Créer des moments festifs pour les habitants en marge des grands événements (fêtes de quartier, bals, concerts gratuits, rencontres avec les athlètes/participants, défilés…) afin que nos locaux se réapproprient ces moments conviviaux. Diversifier le calendrier d’événements, en valorisant aussi des formats plus modestes mais mieux répartis sur l’année. Soutenir le projet de diversification touristique du Glaciorium au Montenvers et renouer le dialogue avec le département pour finaliser ce beau projet culturel.
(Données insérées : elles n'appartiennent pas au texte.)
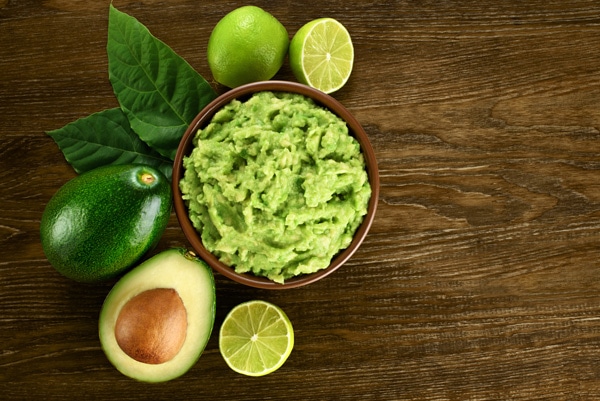 mashed avocados in a bowl with limes on the side on top of a wooden board.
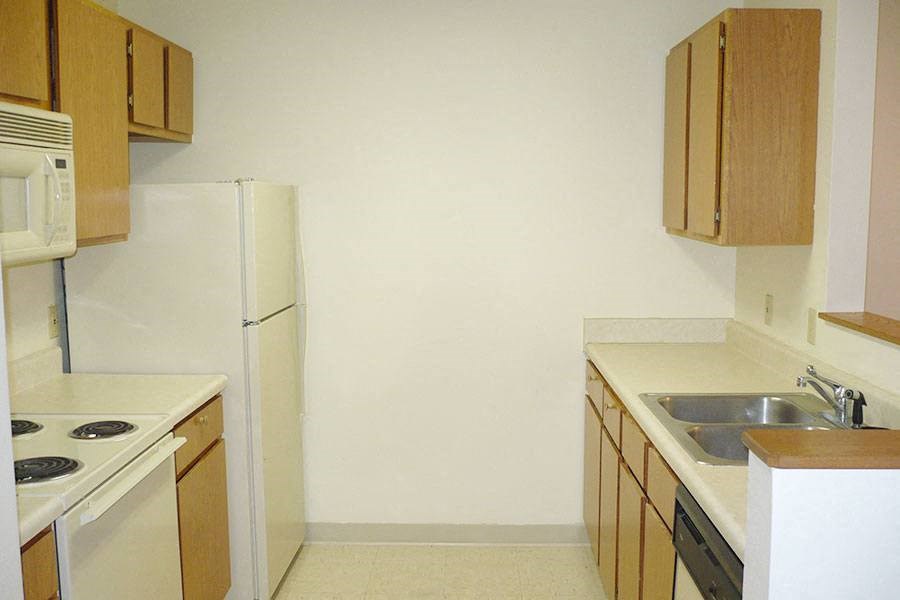 a kitchen with a stove and a sink and a refrigerator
Proposer une restauration d’altitude plus variée et diversifier nos pratiques hivernales (raquettes, contemplation, zones relax, tyrolienne, luge, ski de randonnée sécurisé… ) pour permettre d’offrir une montagne vivante au-delà du seul ski..
25 – Création d’un camp de base des entrepreneurs
→ Constat : De nombreux porteurs de projets (saisonniers, indépendants, artisans, acteurs du tourisme, de la culture et de la transition écologique) peinent encore à trouver un accompagnement lisible, de proximité, et adapté aux réalités de notre territoire (saisonnalité, coût du foncier et du logement, complexité des démarches…) ce qui freine l’émergence d’initiative locales et favorise la fuite des talents.
→ Objectif : Créer un portail numérique ainsi qu’un lieu dédié à l’accompagnement de tous les porteurs de projets entrepreneuriaux ou économiques de la vallée, favorisant la diversification économique et l’emploi local.
→ Mesure : Au Grépon, rassembler dans un même espace d’accueil les porteurs de projets et proposer un guichet unique d’orientation vers les aides existantes (Bpi, Région, Etat, Avenir Montagnes, Europe…), un programme d’ateliers et de contrats (juridique, financier, communication…), des espaces de coworking, des salles de travail avec visio conférences, des évènements de mise en réseau (hackathon, nuit de l’entrepreneuriat en montagne…) en lien étroit avec les acteurs économiques, associatifs et institutionnels du territoire afin d’accompagner chaque année un nombre croissant de projets “Forged in Chamonix” et générateurs d’emplois. L’occasion aussi d’animer un guichet emploi–logement–mobilité à destination des saisonniers qui souhaitent se sédentariser.